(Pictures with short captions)
════

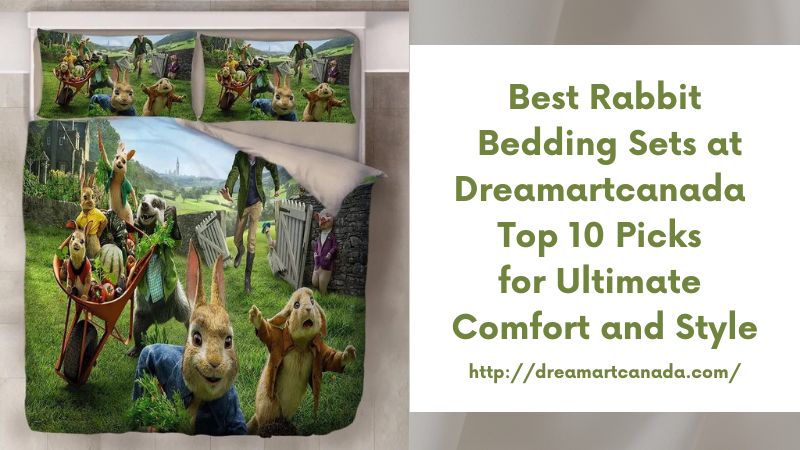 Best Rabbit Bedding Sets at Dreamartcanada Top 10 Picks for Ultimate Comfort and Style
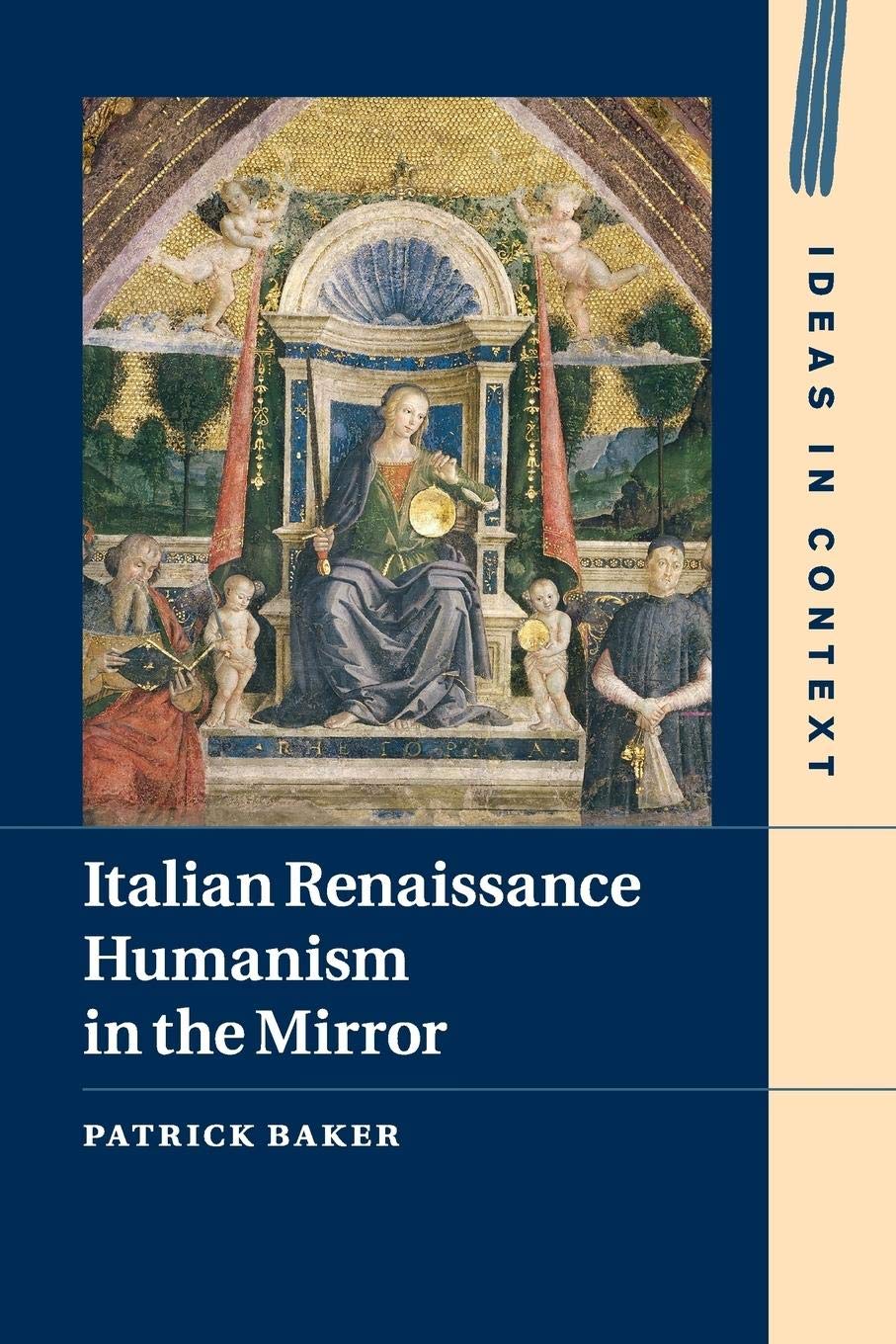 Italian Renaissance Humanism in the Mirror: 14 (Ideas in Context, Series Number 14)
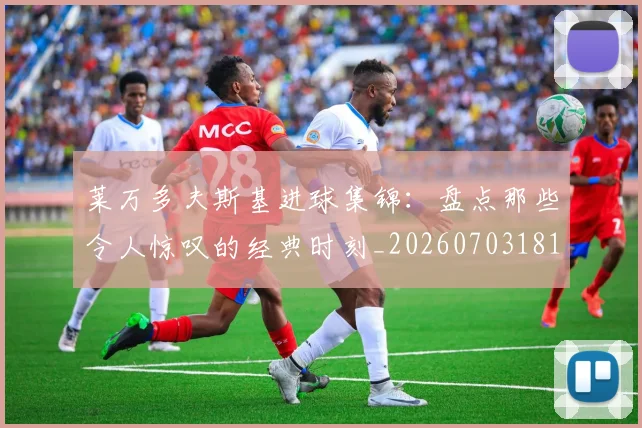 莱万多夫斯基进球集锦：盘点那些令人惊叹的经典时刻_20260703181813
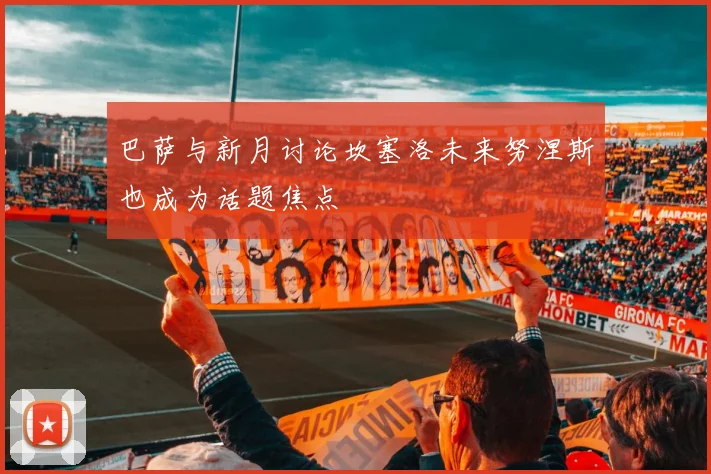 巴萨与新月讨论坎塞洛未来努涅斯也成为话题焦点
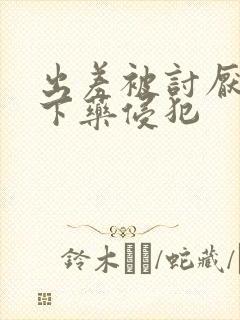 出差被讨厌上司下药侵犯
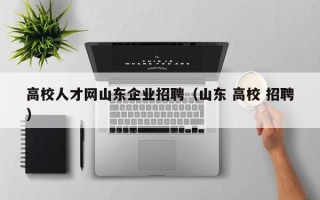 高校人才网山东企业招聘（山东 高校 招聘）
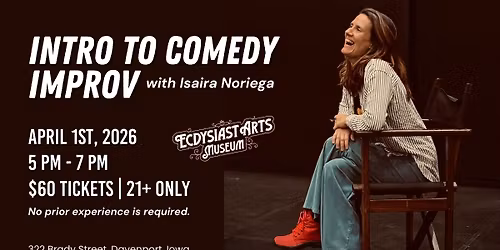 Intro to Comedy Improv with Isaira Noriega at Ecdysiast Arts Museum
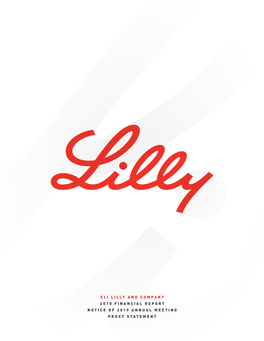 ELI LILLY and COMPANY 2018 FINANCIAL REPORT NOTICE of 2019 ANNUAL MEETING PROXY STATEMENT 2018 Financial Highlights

════

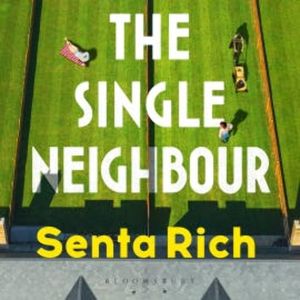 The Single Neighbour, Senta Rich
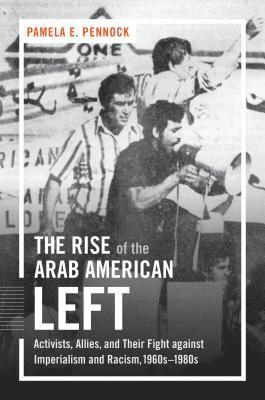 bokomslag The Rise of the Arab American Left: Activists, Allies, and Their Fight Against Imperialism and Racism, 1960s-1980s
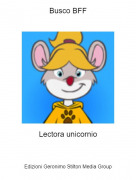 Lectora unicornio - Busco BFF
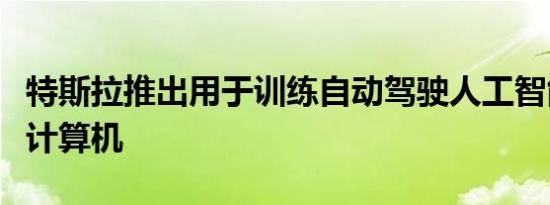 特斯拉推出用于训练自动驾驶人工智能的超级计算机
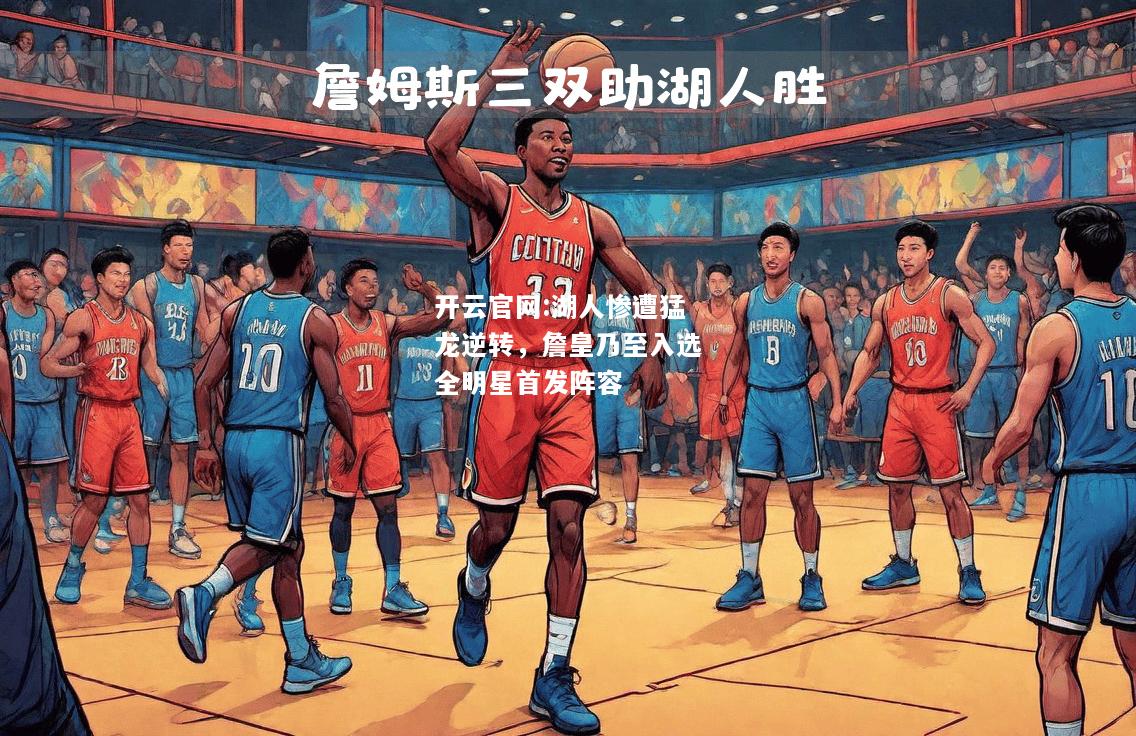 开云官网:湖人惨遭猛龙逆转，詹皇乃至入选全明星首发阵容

════

ASSIGNED TASK: Copy nothing but the lines above from the one with "莱万多夫斯基进球集锦：盘点那些令人惊叹的经典时刻_20260703181813" to the one with "ELI LILLY and", inclusive, word for word. Leave every picture out.

EXPECTED ANSWER:
 莱万多夫斯基进球集锦：盘点那些令人惊叹的经典时刻_20260703181813
 巴萨与新月讨论坎塞洛未来努涅斯也成为话题焦点
 出差被讨厌上司下药侵犯
 高校人才网山东企业招聘（山东 高校 招聘）
 Intro to Comedy Improv with Isaira Noriega at Ecdysiast Arts Museum
 ELI LILLY and COMPANY 2018 FINANCIAL REPORT NOTICE of 2019 ANNUAL MEETING PROXY STATEMENT 2018 Financial Highlights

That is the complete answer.